*Exercise brief*. Find the line below with "May include: Red" and the line with "1951 JERSEY JOE". Output exactly those lines and everything between them, leaving out the pictures.

*Given information*.
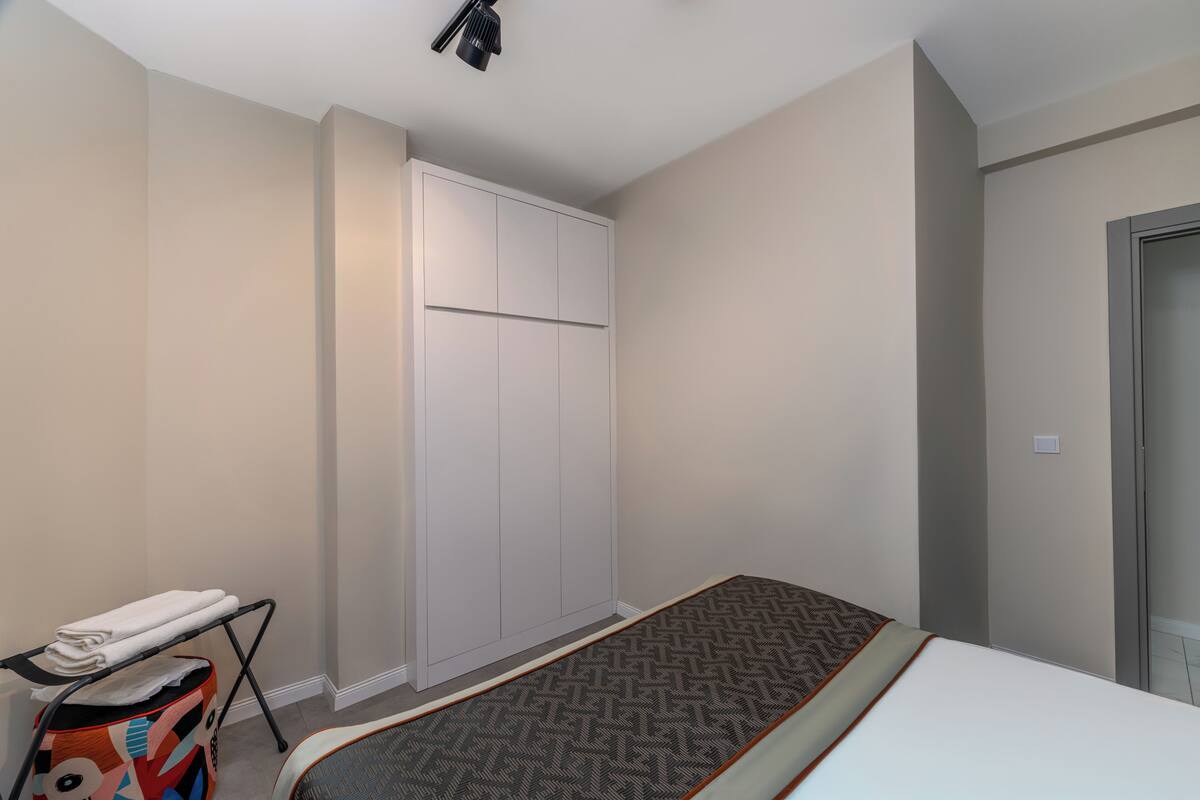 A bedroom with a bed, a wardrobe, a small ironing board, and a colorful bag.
--
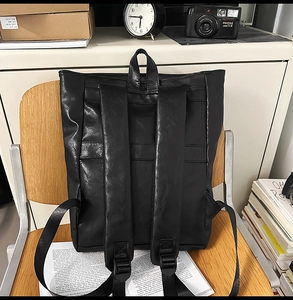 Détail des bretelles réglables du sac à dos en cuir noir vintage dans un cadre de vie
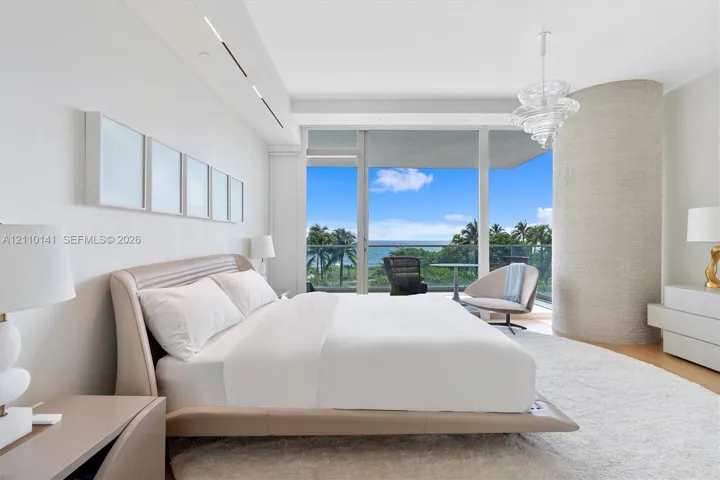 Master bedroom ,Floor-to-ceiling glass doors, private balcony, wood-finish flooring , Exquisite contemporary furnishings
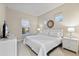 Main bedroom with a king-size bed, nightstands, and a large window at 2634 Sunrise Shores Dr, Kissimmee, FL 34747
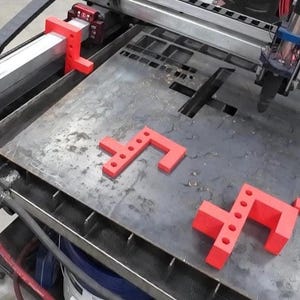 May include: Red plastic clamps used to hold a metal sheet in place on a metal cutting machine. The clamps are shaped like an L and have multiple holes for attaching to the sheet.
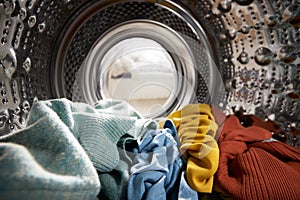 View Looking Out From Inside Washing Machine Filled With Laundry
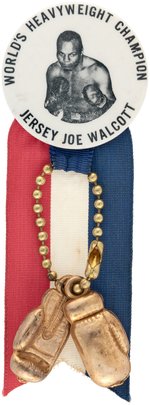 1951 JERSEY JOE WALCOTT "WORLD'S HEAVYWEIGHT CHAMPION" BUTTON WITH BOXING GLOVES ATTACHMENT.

*Exercise response*.
 May include: Red plastic clamps used to hold a metal sheet in place on a metal cutting machine. The clamps are shaped like an L and have multiple holes for attaching to the sheet.
 View Looking Out From Inside Washing Machine Filled With Laundry
 1951 JERSEY JOE WALCOTT "WORLD'S HEAVYWEIGHT CHAMPION" BUTTON WITH BOXING GLOVES ATTACHMENT.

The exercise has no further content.